By 2030, on current form, China's GDP will overtake the US, possibly a bit earlier. Income per head of population, which has trebled in thirty years to about $3,700, could reach $13,000. With the west in postcrisis economic and political disarray, China's enormous impact is very clear nowadays on neighbours and the world system. What could possibly go wrong in the increasingly common refrain that the future belongs to China?

To answer this question requires impossible foresight. But we should consign linear thinking to spreadsheets, and try to understand the consequences and flashpoints resulting from economic and political processes. From a fairly long list of topics, five seem to stand out:

Ageing Fastest

First, China is an emerging market oddity in demographic terms. It is not the oldest, but it is the fastest ageing country on earth, and by 2050 it will be older than the US on every major demographic measurement. From now on, China's youth and working age populations are going to fall, and those over 65 will soar. Put another way, there will only be 2.5 workers to support each older citizen, compared with ten today.

The one-child policy is an important, though not the only, factor contributing to this enormous demographic transition. The consequences include slower economic expansion, and growing social problems as a result of chronic gender imbalance. Many wonder whether China will grow old before it gets rich.
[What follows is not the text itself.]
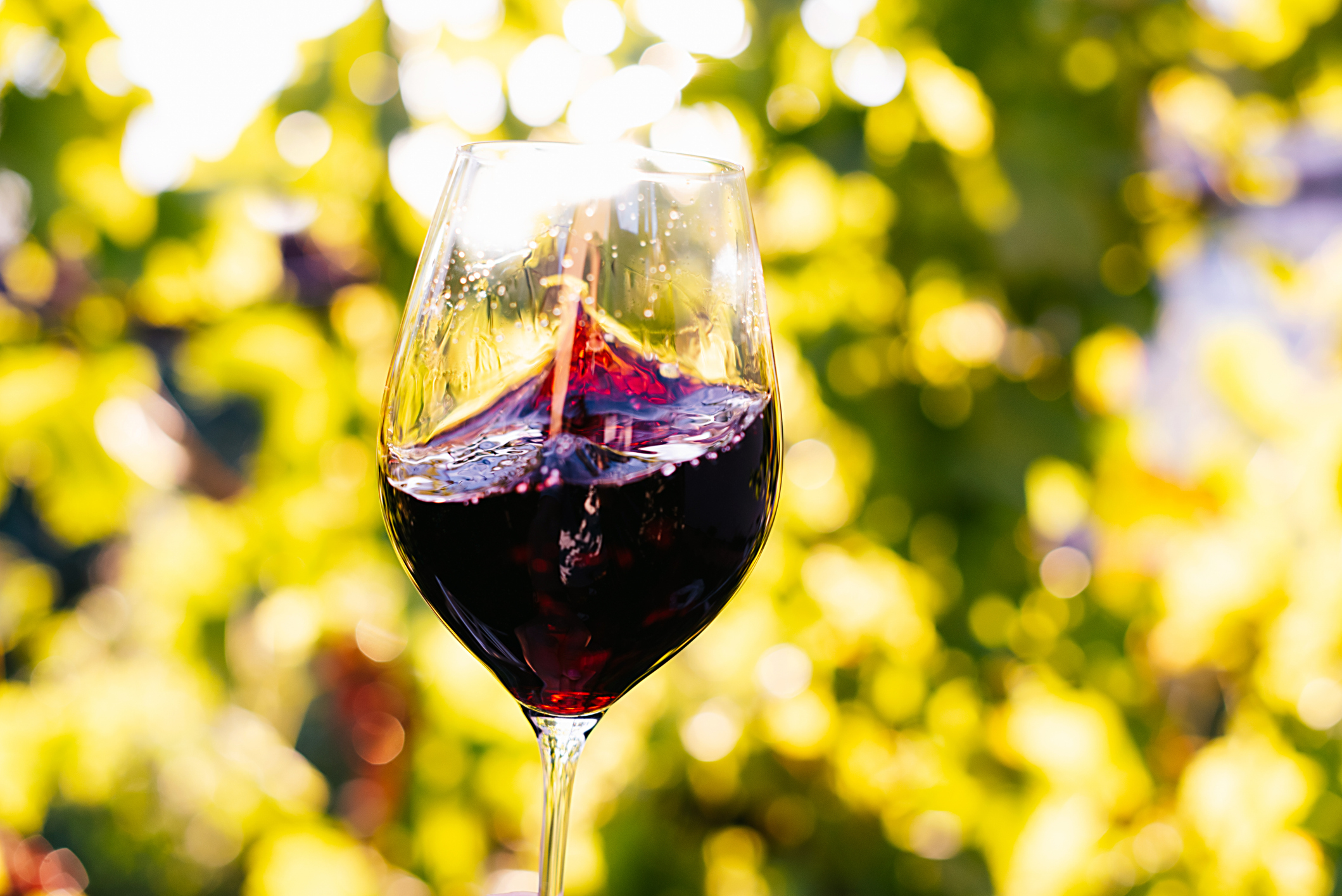 a glass of red wine sparkling in the sun with green foliage in the background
To avoid such an outcome, China will simply have to get richer more quickly, but this entails a significant shift in the sources of economic growth - and vested political interests - from companies to consumers, and from coastal provinces to hinterland and rural areas.

Innovation Culture

Second, the demographic transition makes it even more important to sustain high levels of technological achievement. China is a big fish already in the information, low carbon, clean air, and automotive technologies. Among local 'winners' are Baidu, the local Internet search engine with eight hundred million subscribers, Alibaba, the privately owned e-commerce on line retail and cloud computing service, Geely Holdings, which bought Volvo, and Huawei Technologies, the country's largest network and telecommunications equipment supplier.
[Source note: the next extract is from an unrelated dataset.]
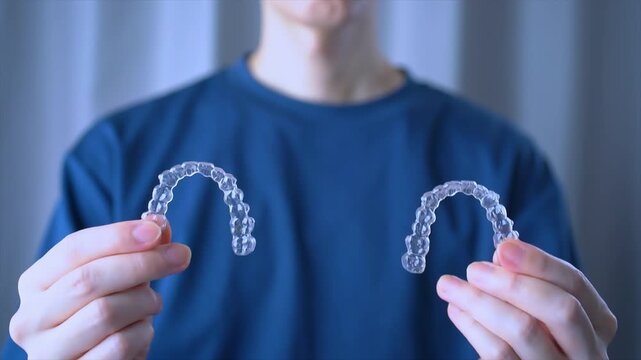 Clear Dental Aligners or braces : Orthodontic Mouthpiece Held in Hand. Slow motion video.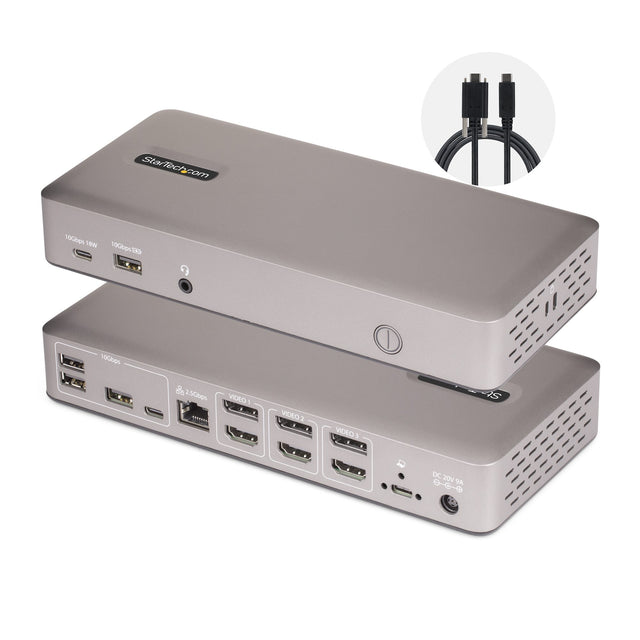 StarTech.com Triple-Monitor USB4 Docking Station, 4K 60Hz HDMI or DisplayPort, 100W Laptop Charging, 2.5GbE, USB-C Multi-Monitor Dock, Driverless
Nevertheless, using and developing modern technologies is not the same as having a deeply rooted culture of innovation and entrepreneurial transformation. You can certainly create world leadership in the production of screen-based goods and green energy products and processes along the Yangtse Delta, but this is not the equivalent of a Silicon Valley, which thrives on adversarial conflict in innovation, proprietary ownership of processes, patents and copyrights, and the absence of hierarchy and political interference.

Rights And Law

Third, China's soft underbelly historically has been the relative weakness of its institutions and their ability to nurture and promote change. Perhaps size matters here. It is a lot harder to govern a large civilisation without a controlling, and sometimes repressing bureaucracy than it is a nation state. But the country's legal, social and other Communist Party subservient institutions will be put to the test by the enormity of the economic restructuring ahead.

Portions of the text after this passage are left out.